Hoy hace siete años que estoy sentada en un banco de la estación de tren de Girona esperando que llegue el tren que me tiene que llevar a Barcelona para…, bueno, ya no recuerdo por qué tenía que ir, pero, si estoy aquí sentada esperando el tren, y con veintidós kilos más encima, fruto de mi alimentación a base de snacks y croissants, será por algún motivo de peso (nunca mejor dicho). Durante estos siete años he conocido a muchos pasajeros que, como yo, tenían que esperarse porque el tren no llegaba (con uno de ellos nos casamos y tuvimos tres hijos en el lavabo de la estación) y, si llegaba, iba tan lleno que, por motivos de supervivencia y de autoestima, era mejor permanecer en la estación. También he conocido a otros que se habían quedado encerrados en el tren por una avería eléctrica durante tres horas y debido a la falta de aire ya no recordaban dónde vivían y tenían la cabeza azul. Un día, incluso, conocí a uno muy simpático que aseguraba que había salido de Mataró en 1862 y que su mujer lo había dejado porque lo había dado por muerto (en aquella época, desgraciadamente, no había WhatsApp).

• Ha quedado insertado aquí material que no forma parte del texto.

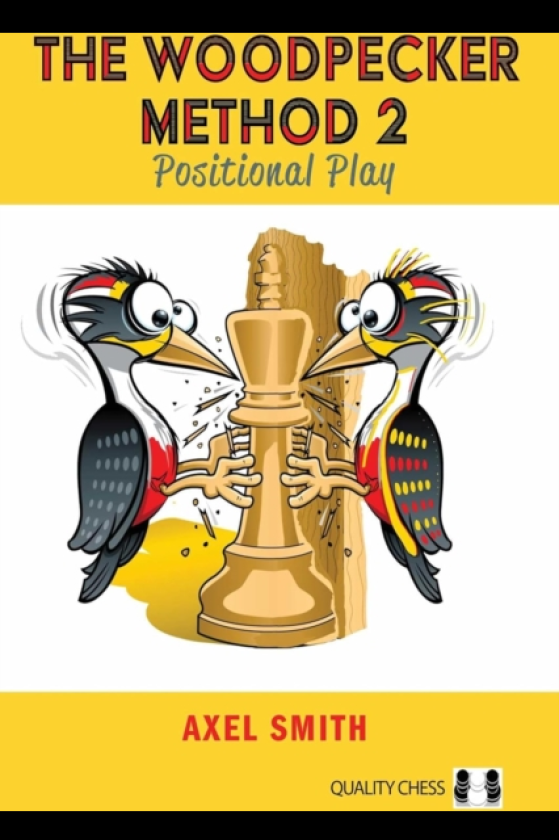 The Woodpecker Method 2 Positional Play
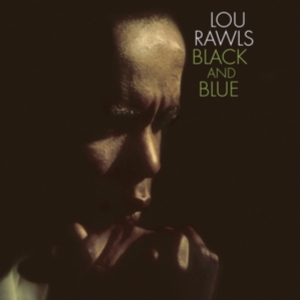 Rawls Lou - Black And Blue i gruppen VINYL hos Bengans Skivbutik AB (5574046)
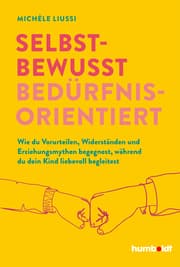 Cover von Selbstbewusst bedürfnisorientiert!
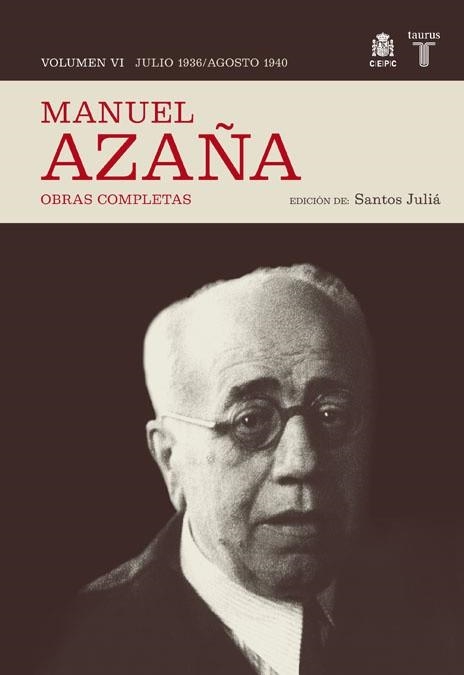 MANUEL AZAÑA. O.C. VOL.VI JULIO 1936-AGOSTO 1940 | 9788430607525 | JULIA,SANTOS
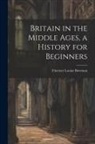 Florence Louise Bowman - Britain in the Middle Ages, a History for Beginners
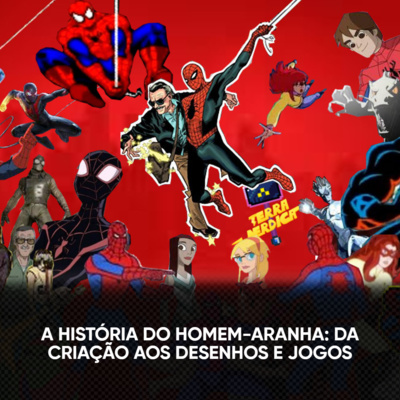 Ep. 23 | A História do Homem-Aranha: da Criação aos Desenhos e Jogos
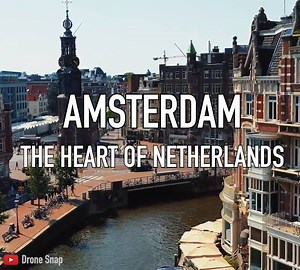 Amsterdam - The heart of the Netherlands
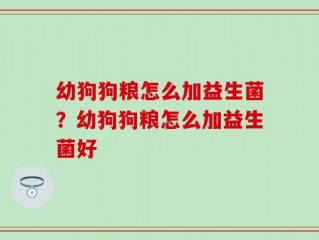 幼狗狗粮怎么加益生菌？幼狗狗粮怎么加益生菌好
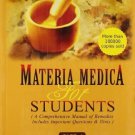 Materia Medica for Students: A Conprehensive Manual of Remedies: Includes Important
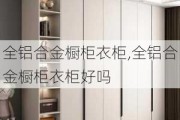 全铝合金橱柜衣柜,全铝合金橱柜衣柜好吗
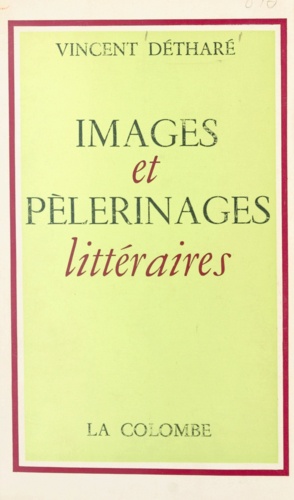 Images et pèlerinages littéraires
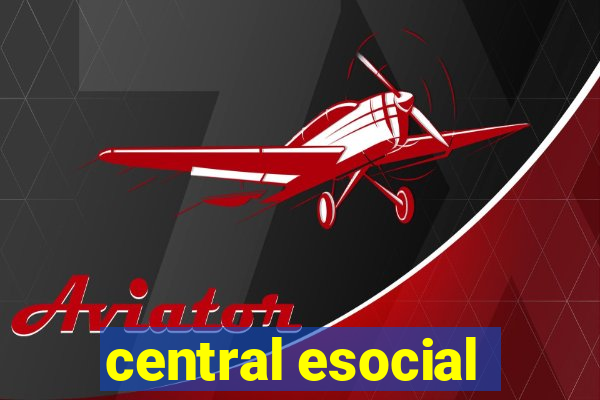 central esocial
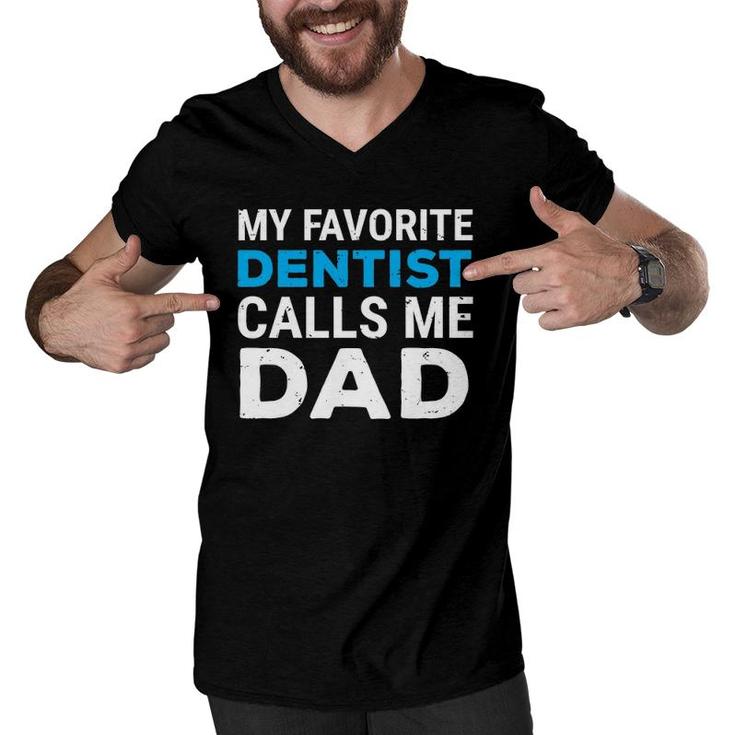 My Favorite Dentist Calls Me Dad Cute Father Dental Men V-Neck Tshirt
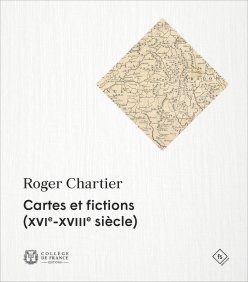 Couverture de l'édition imprimée de l'ouvrage du Pr Roger Chartier "Cartes et fictions"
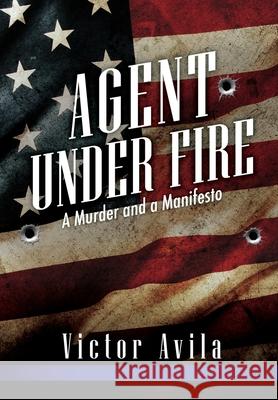 Agent Under Fire Victor Avila 9781632215307 Liberty Hill Publishing - książka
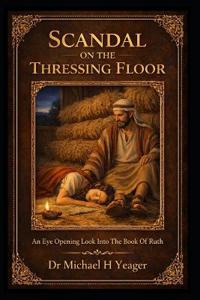 Scandal on the Thressing Floor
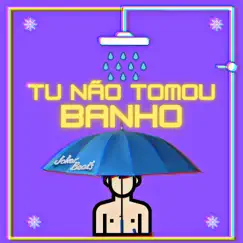 Tu Não Tomou Banho (feat. MC Koringa) - Single by Joker Beats album reviews, ratings, credits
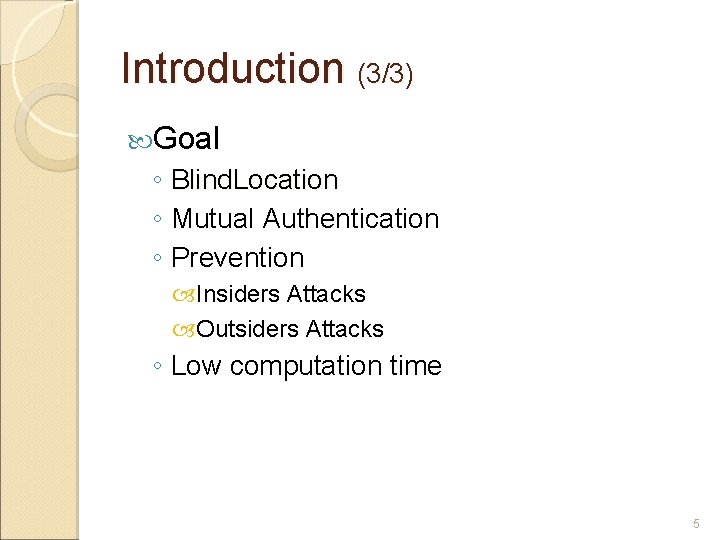 Introduction (3/3) Goal ◦ Blind. Location ◦ Mutual Authentication ◦ Prevention Insiders Attacks Outsiders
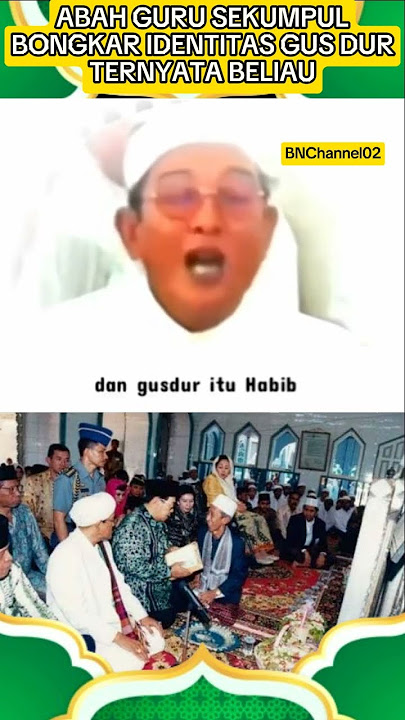 ABAH GURU SEKUMPUL BONGKAR IDENTITAS ASLI GUS DUR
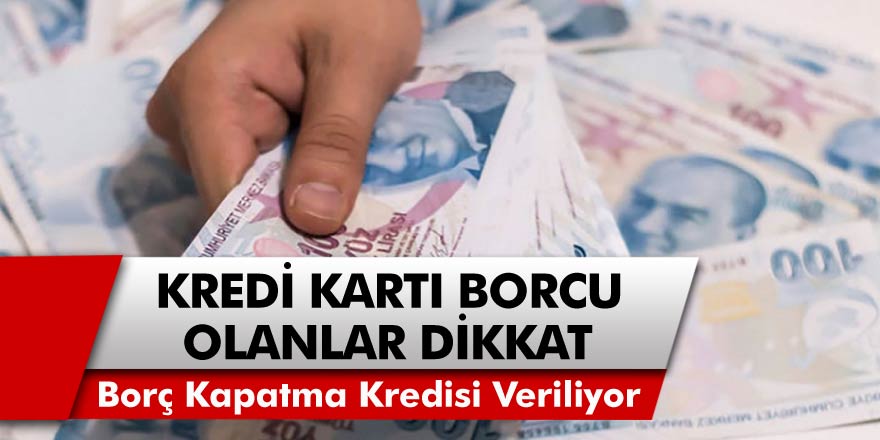 Kredi Kartı Borcu Olanlara İyi Haber Tez Geldi! Kredi Kartı ve Kredi Borcu Olanlar İçin Borç Kapatma Kredisi Veren Tüm Bankalar Açıklandı! İşte O Bankaların Listesi!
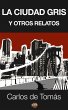 La ciudad gris y otros relatos (eBook,... - Bild 1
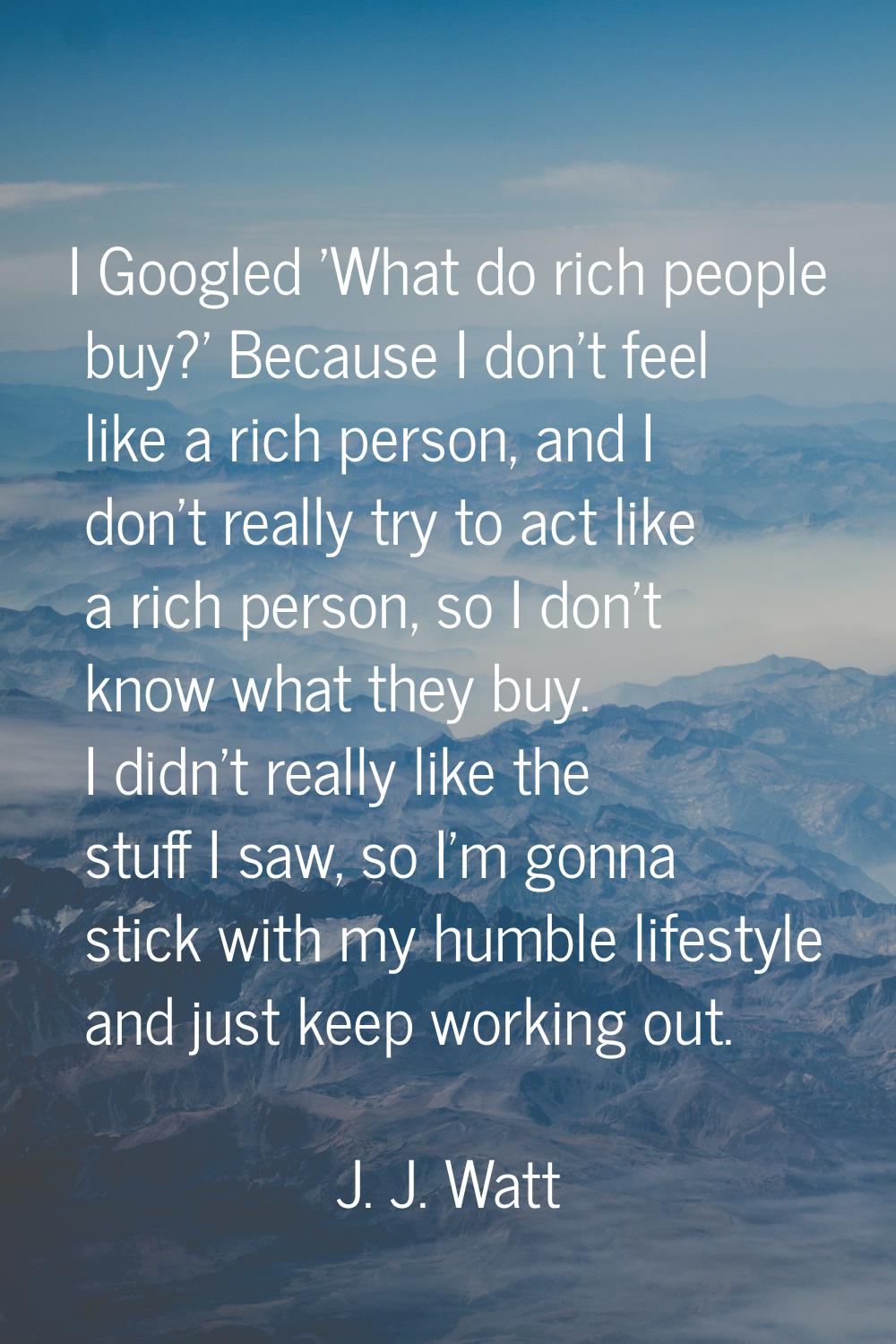I Googled 'What do rich people buy?' Because I don't feel like a rich person, and I don't really tr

La libertad de Catalunya no nos la construirá nadie que venga de España o que trabaje para ella
Explicándoos todo esto, he sentido un poco de nostalgia. Me ha venido a la cabeza el último tren que cogí y que llegó puntual, ahora hará veintitrés años, cuando Renfe aún disimulaba el odio que sentía por nosotros, los catalanes. Recuerdo que cogí el tren en Girona y llegué a Barcelona el mismo día, y que, aunque lloviznaba, no descarriló. También tengo una imagen borrosa en la cabeza, supongo que fruto del humo (porque antes se fumaba en los vagones): que había asientos libres, que se oía gente hablando catalán y que no había nadie con la cara empotrada en el cristal de la ventana o sentada en el regazo de alguien. ¡Qué tiempos! Siempre llegabas puntual al trabajo y, si llegabas tarde, no podías utilizar de excusa la Renfe porque nadie se lo tragaba. Eran tiempos en que las huelgas de los trabajadores se notaban, se sentían hasta el dedo meñique del pie; no como ahora, que pasan más trenes cuando hacen huelga que cuando no la hacen. Actualmente, llegas antes a tu destino si vas saltando a la pata coja y te paras a comer un desayuno de tenedor y cuchillo (con siesta incluida) que en tren. Cualquier tiempo pasado fue mejor, ¿verdad?
Los catalanes nos pasamos el día luchando contra adversidades de todo tipo. Desde tener que aguantar que nos llamen tacaños, a pesar de ser los que más pagamos de España (y que a cambio nos den unos servicios deficientes o inexistentes); hasta tener que ofrecer incentivos económicos a jueces y abogados para que empleen el catalán en los juzgados (¡¡¡de Catalunya!!!, no de Albacete). Basta ya de bajarnos los pantalones, ¿no? Nos pasamos el día recibiendo bastonazos, sean físicos (como el 1 de octubre de 2017) o psicológicos (como el desprecio constante a nuestra lengua y cultura), y lo único que hacemos es hacer cuatro tuits cagándonos en todo, ponernos un lacito amarillo en el pecho, como queriendo decir que ahora sí que lo tenemos a tocar, y ensanchar bases, que están tan ensanchadas que cabe todo el mundo menos los catalanes. Lo que dijo Pere Calders en el microcuento L’exprés, “Nadie solía decirle a qué hora pasaría el tren. Lo veían tan cargado de maletas, que les daba pena explicarle que allí nunca había habido ni vías ni estación.”, se podría aplicar a la tomadura de pelo del Procés. Empecemos a tocar con los pies en el suelo y a abrir los ojos porque la libertad de Catalunya no nos la construirá nadie que venga de España o que trabaje para ella. Mira, parece que finalmente llega el tren. A ver qué carajo voy a hacer yo ahora en Barcelona después de siete años.